An atmosphere of disaster blanketed the Reich last week. The Nazis decreed three days of mourning for the 330,000 German soldiers who had fought and lost at Stalingrad. Through press and radio the Germans were barraged with exhortations to put forth their greatest effort to hold back the danger from the east. In London and Washington Allied leaders cautioned their people against taking the signs from the Reich as too hopeful indications of an early collapse. But signs were there.

Manpower. To raise more than 1,000,000 workers and soldiers for war jobs and replacements at the front, Reich Economic Minister Walther Funk issued decrees of total mobilization. Retail tradesmen, restaurants and hotels were required to release every possible man. Theaters, bars, nightclubs and other places of amusement were closed down.

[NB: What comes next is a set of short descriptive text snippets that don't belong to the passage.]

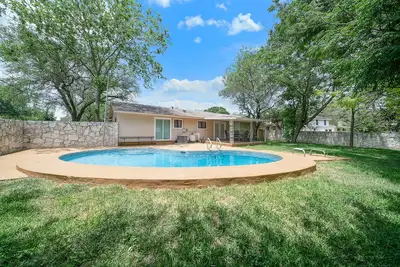 Image de Cheerful 3-bedroom Home with a Pool! And Game room. North central!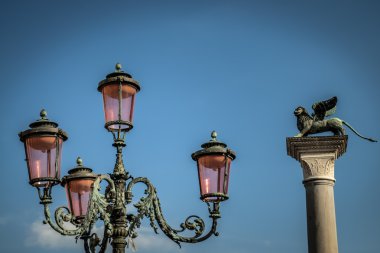 Sokak lâmbası direği Venedik'te Saint Mark'ın aslan içinde belgili tanımlık geçmiş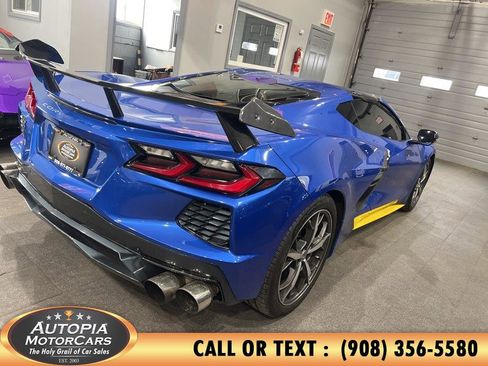 Used 2020 Chevrolet Corvette Stingray Premium Cpe w/ 3LT Preferred Equipment Group image 7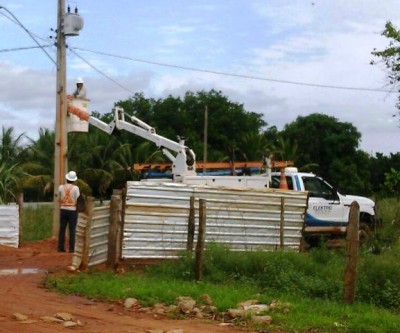 Problema em rede elétrica deixa moradores do Cinturão Verde sem energia elétrica 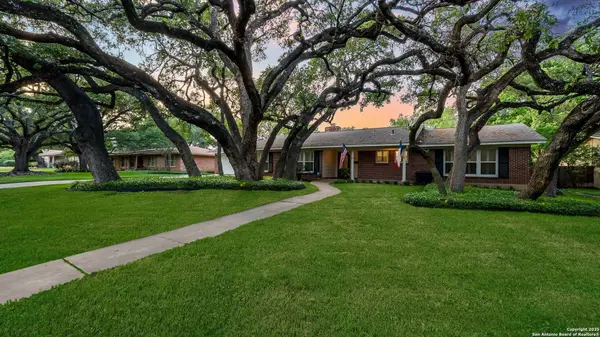 511 Country Ln, San Antonio, TX 78209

Men from 16 to 65, women between 17 and 45 were ordered to register for compulsory labor service. Civilian consumer goods were cut down to the barest necessary minimum. Community kitchens were planned to replace domestic help. Said the SS newspaper Schwarze Korps: "The homeland is to live only in order to work for the war."

Allied Intelligence experts thought they knew the reasons for the drastic German decrees. The sands of German manpower were running out: at least 4,000,000 men had been killed, permanently wounded or captured in Hitler's war. This estimate equaled almost the entire German force which invaded Russia in June 1941; it approximated the full strength of the German armies which had laid down their weapons on the Armistice Day of World War I. Of the Reich's total population, 13% were estimated to be under arms, dead, or permanently disabled--3% more than the "normal mobilization" which is the generally considered maximum that any nation can spare, if its battlefronts are to be properly supplied by home-front production. On this basis, the U.S. could maintain 13,000,000 men under arms.

The best Allied experts figured that the German army, navy and air force absorbed between nine and ten million men --roughly a third of the total working population. Two age groups in 1941 and 1942 provided 1,000,000 new soldiers. Now another 1,000,000 are needed for replacement of casualties. But the present age group called up for normal military conscription totals only some 500,000. To get the other half million needed to keep the army at its fighting strength, Hitler was stripping his home front of the last available man who could carry arms.

Morale. "Something strange is happening to German morale," Correspondent Alan Moorehead cabled from North Africa to the London Daily Express. "I refrained for a fortnight from writing this story because it is dangerous to suggest that Nazi morale is breaking unless there is overwhelming evidence. . . . It is a poor type of man we are capturing. Many have been wounded in Russia and then rushed haphazardly over to Tunisia to be formed into new units on the spot and sent straight into battle."

This and other British reports in the same vein did not entirely check with the experience of U.S. observers, who found tough, well-equipped German units in central Tunisia, and advised Washington to prepare for a prolonged and difficult African campaign. But, whoever was right, a parallel with the German position in 1918 was discernible. Until the last months of World War I, the German armies at the fronts were formidably strong. Yet the seeds of German defeat were working in their ranks and at home in the Reich, and the outward signs in 1918 were much the same as those which are visible in 1943.

Mourning. At home, German citizens tore the newspapers from the vendors' hands. In the black type they read the unbelievable story: "Fighting at Stalingrad has ceased." With bowed heads they heard it read over the radio, not to the blare of the Nazi Horst Wessel march, but to the strains of the tragic old German folk song: Ich Hatt' Einen Kameraden (I Had A Comrade). They did not know that some 115,000 officers and men had laid down their arms. But they knew that Stalingrad had been lost, and that it was one of the worst defeats suffered by any German army in history; they knew also that other strongholds would have to be given up before their armies reached the line on which they would defend the "Fortress Europe."